In his interview with the Times, Sherwood didn’t bother to argue with the Spy article’s characterization, but instead displayed a healthy degree of self-awareness. “I don’t think there is a person in the world who would want to have their college persona written about and described in a satire magazine,” he said. “Every time I get a new job I’ve walked through an office into my new role and someone ‘accidentally’ left out a crinkled copy on a desk.” He added: “What I do know about that time was I was a guy with a lot to learn.”
Even his detractors might note that it’s not every TV executive who is also an accomplished journalist and author of both fiction and non-fiction. One of his novels, The Death and Life of Charlie St. Cloud, was adapted into a movie starring Zac Efron.
In the Times piece, former NBC Nightly News anchor Tom Brokaw, for whom Sherwood had worked during several years at that network, seemed to confirm the impression of an unusually ambitious (even for the TV biz) climber. Sherwood told the paper he left his job as the No. 2 producer of the NBC newscast in 2002 because “one of the things about my path is that there are moments where I want to go do something different.” Brokaw, however, insisted: “He didn’t stay because he didn’t get the No. 1 job at Nightly News.”
His reputation at NBC was less than endearing, according to a former colleague from that network. “He was amazing at managing up,” the NBC-er recalled. “He was definitely known as a kiss-up, kick-down kind of guy.”
On Tuesday, it was a completely different vibe after Disney chairman and chief executive Robert Iger announced, with effusive praise, that Sherwood will be replacing Anne Sweeney as of January 2015—and working side by side with her until then helping to run Disney’s various media properties, including ABC’s entertainment division. During the conference call, Sherwood showed appropriate humility.

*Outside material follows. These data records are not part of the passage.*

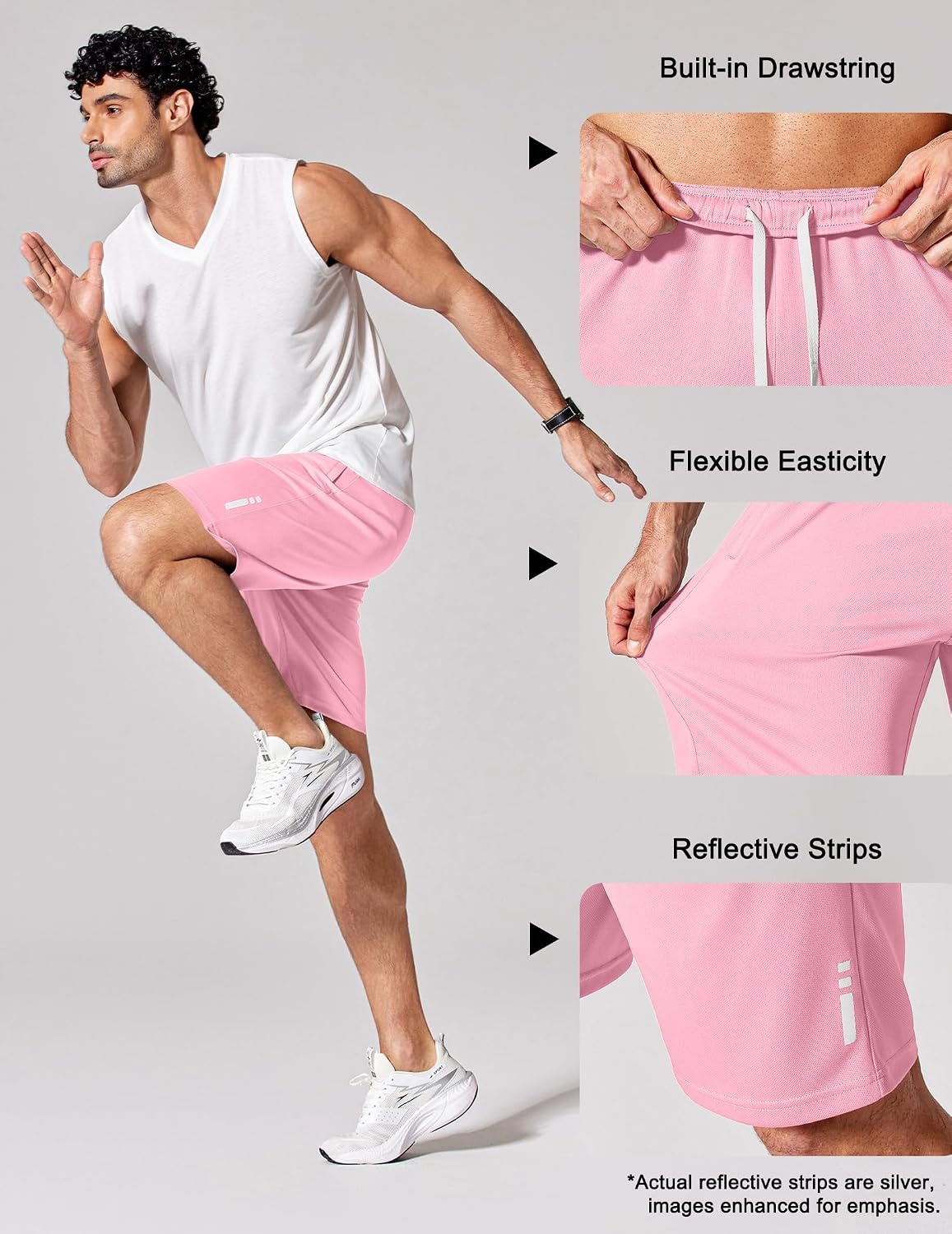image:imageCOOFANDY Mens Athletic Running Shorts 7 9 Quick Dry Cool Mesh Gym Shorts 2 Zippered Pockets Lightweight Breathability Elastic Waistband Basketball ReadyPink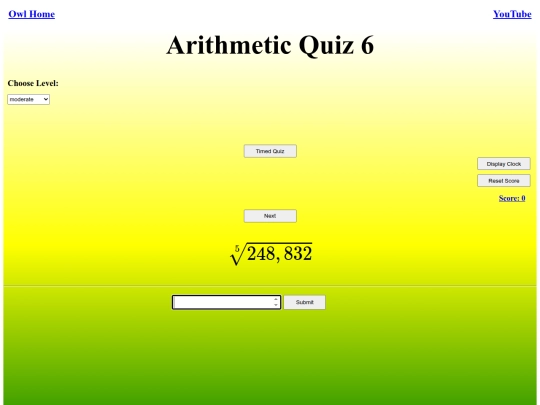 Arithmetic Quiz 6/arithmetic screenshot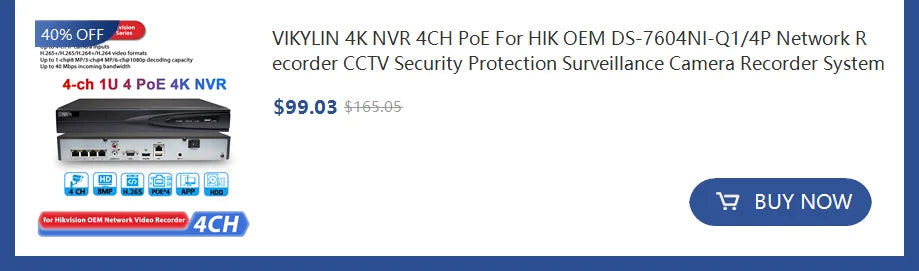 VIKYLIN for hikvision OEM 5MP 8MP IP Camera Smart Hybrid Light Human Vehicle Detection Alarm POE Security Camera Home CCTV IP67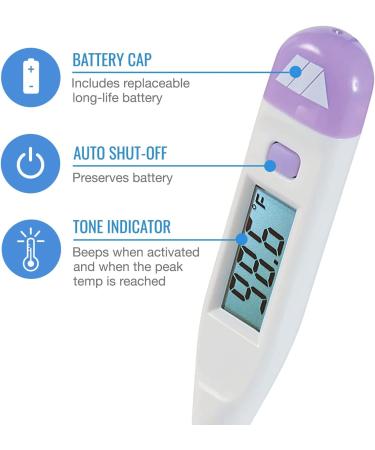 MABIS Digital Thermometer for Babies, Children, and Adults - Clinically Accurate in 60 Seconds - Purple - Buy Online on GoSupps.com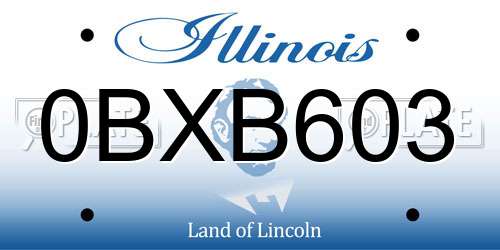 0BXB603 Illinois License Plate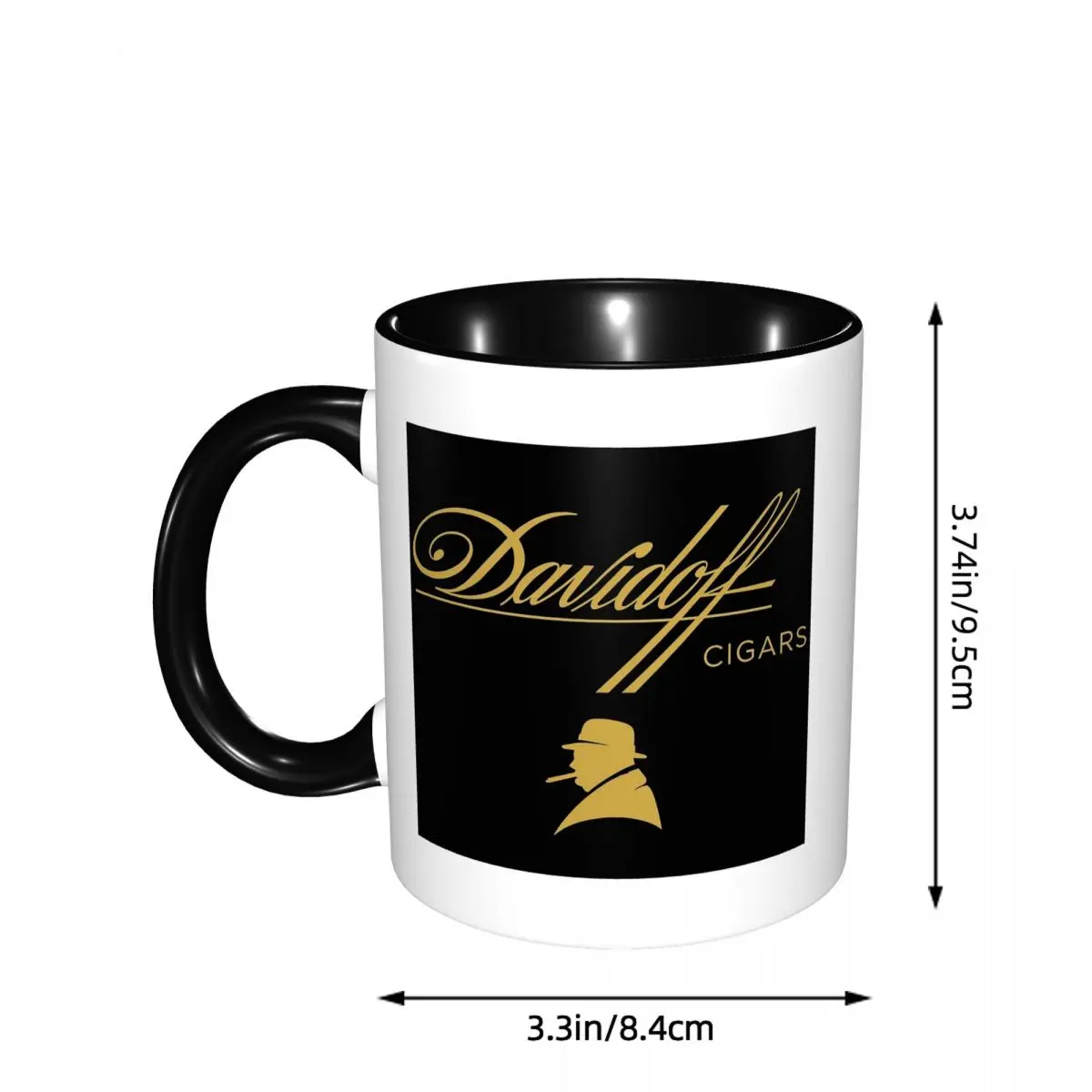 Фото Забавная керамическая кружка Davidoff Cigars Black Mug для кофе, чая, молока, посуда для напитков, подарок для женщин и мужчин №5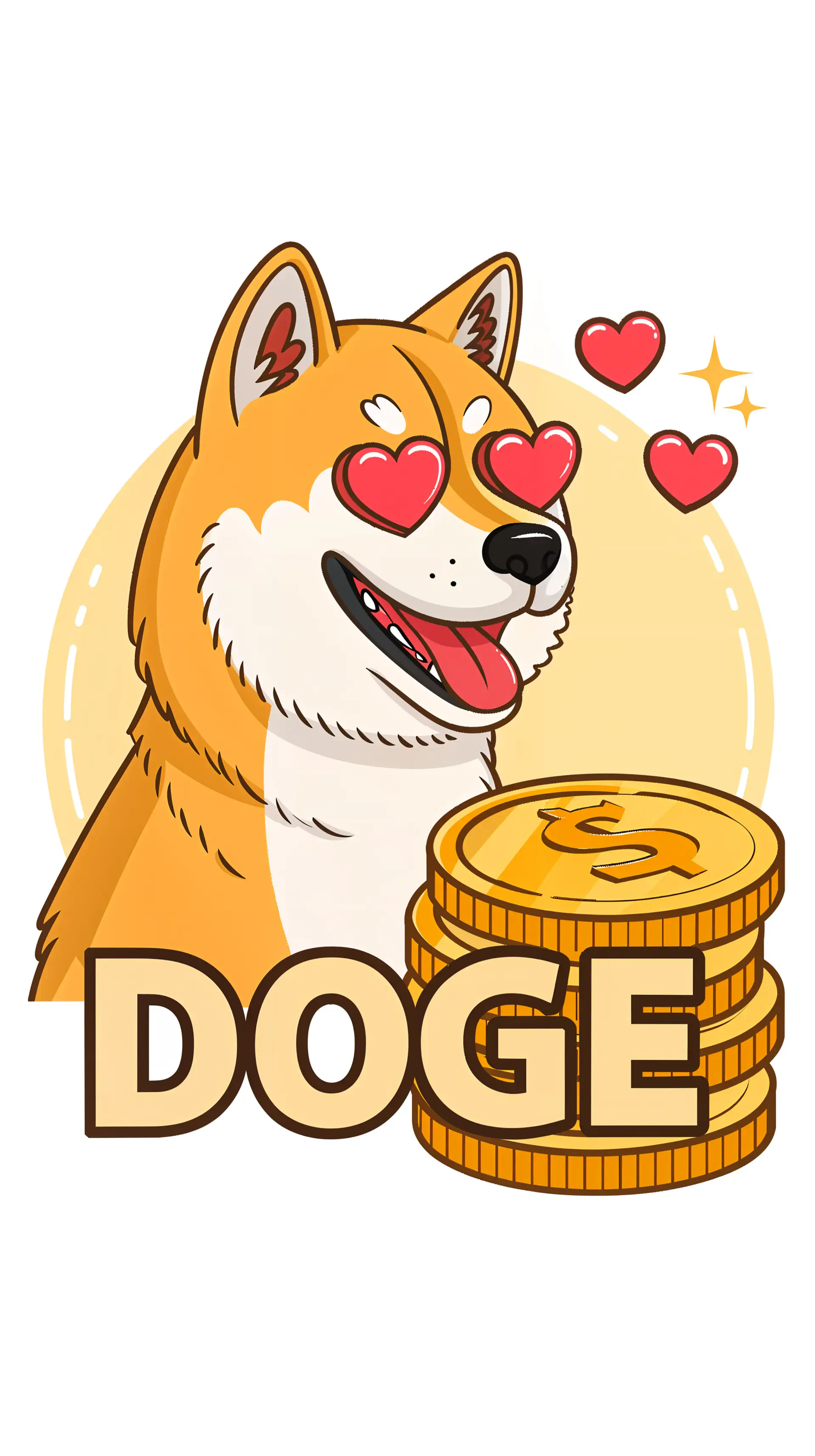 A vibrant phone wallpaper featuring a joyful Shiba Inu with heart eyes and gold Dogecoin coins, celebrating the playful spirit of cryptocurrency.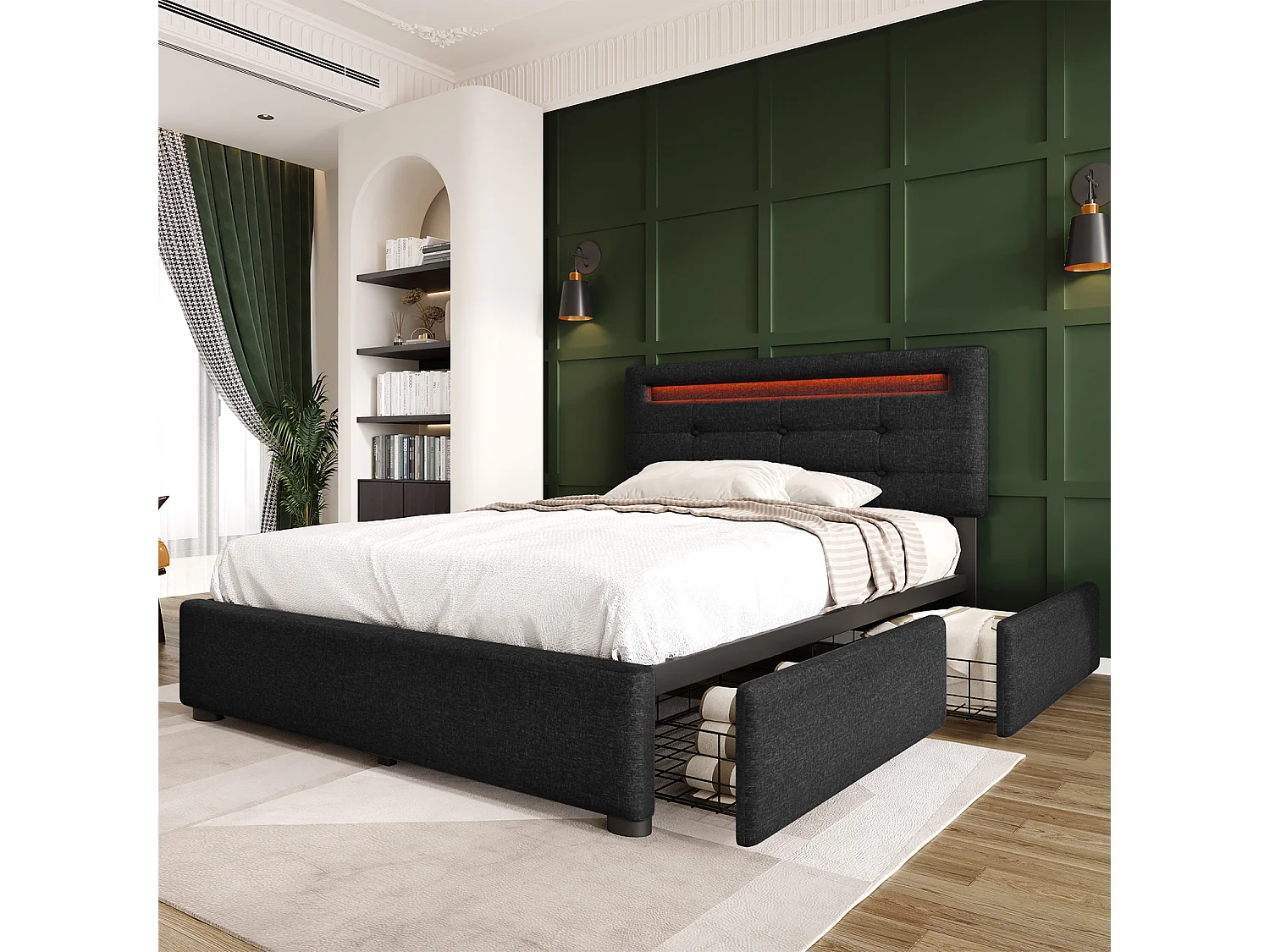 Lit coffre 90x200cm en lin avec LED + 2 tiroirs + sommier à lattes - Noir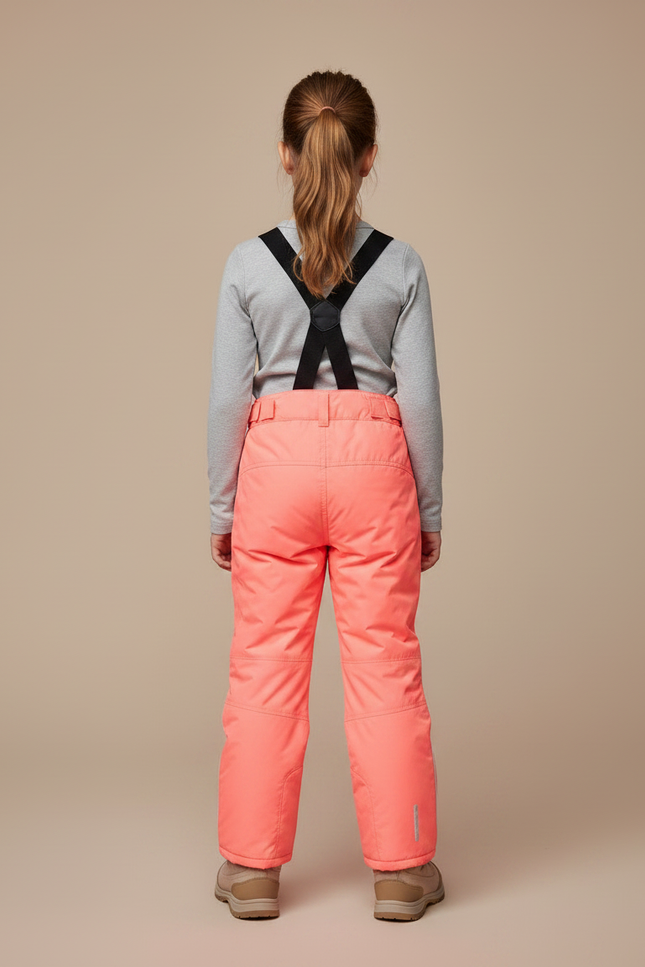 Pantalon De Pluie Enfant Corail Imperméable Bretelles Hiver - Rose Polyester - vue 2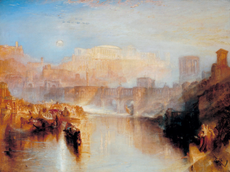 Ancient Rome: Agrippina Landing with the Ashes of Germanicus. The Triumphal Bridge and Palace of the Caesars Restored, exhibited 1839, oil on canvas, 36in by 48in, by J. M. W. Turner (1775–1851), Tate Collection.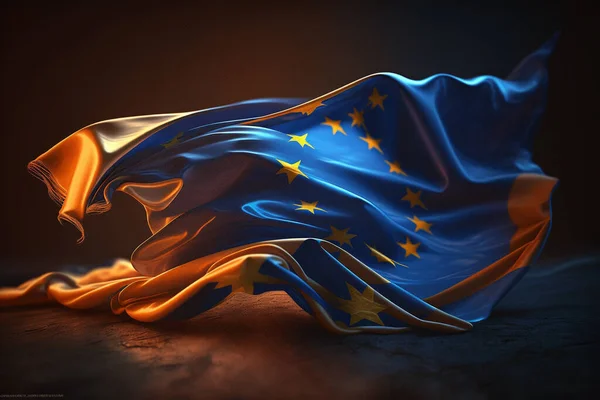 The creative European Union symbol sign flag , EU in 3D Illustration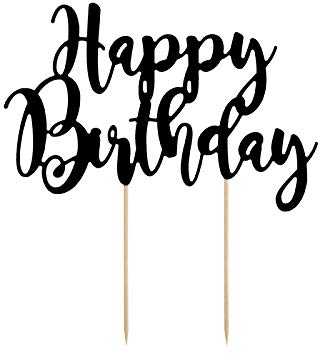 Cake Topper Kuchen Dekorieren Torten Deko Hochzeit Geburtstag (Happy Birthday schwarz)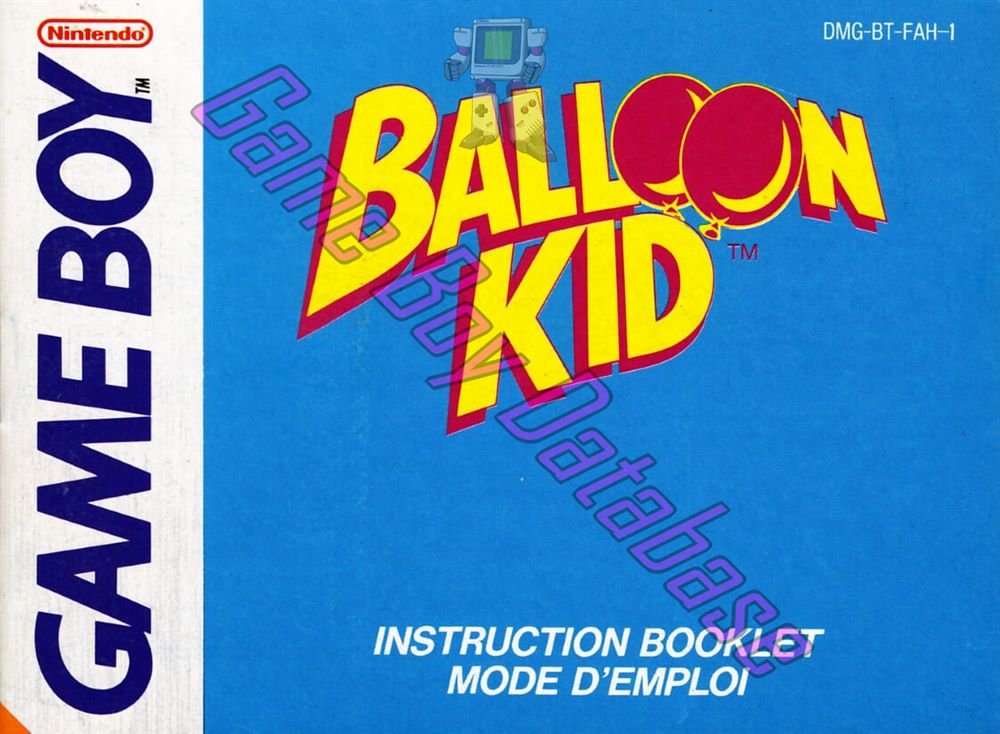 Balloon Kid FAH Front of the booklet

“He said he believed that this opportunity was happening for him because of the incredible, sustained work of all sorts of people across the news division,” the ABC News colleague told The Daily Beast. “He said these things are only possible because of what you all do, and he was certainly humbled by that. The reaction was warm applause, a lot of clapping and cheering.”
Sherwood grew up as a child of privilege—his father was a prominent and well-connected lawyer, and there were servants in the house—and it seemed to outsiders that he led a charmed life: posh private schools, famous friends, endless opportunities. He was one of those lucky folks for whom Texas populist Jim Hightower might have coined the phrase: “He was born on third base and thinks he hit a triple.”
And yet, even Sherwood’s critics conceded that, while he may have appeared pompous and arrogant at times, he was also smart, resourceful, talented and terrifically hard-working, and his good fortune was tempered by terrible tragedy. As the Times profile recounted, on a August 1992 reporting trip to war-torn Sarajevo, Bosnia, he watched an ABC News colleague die of a sniper’s bullet, sitting beside him, in a Volkswagen van that was trailing correspondent Sam Donaldson in an armored vehicle on a famously dangerous road.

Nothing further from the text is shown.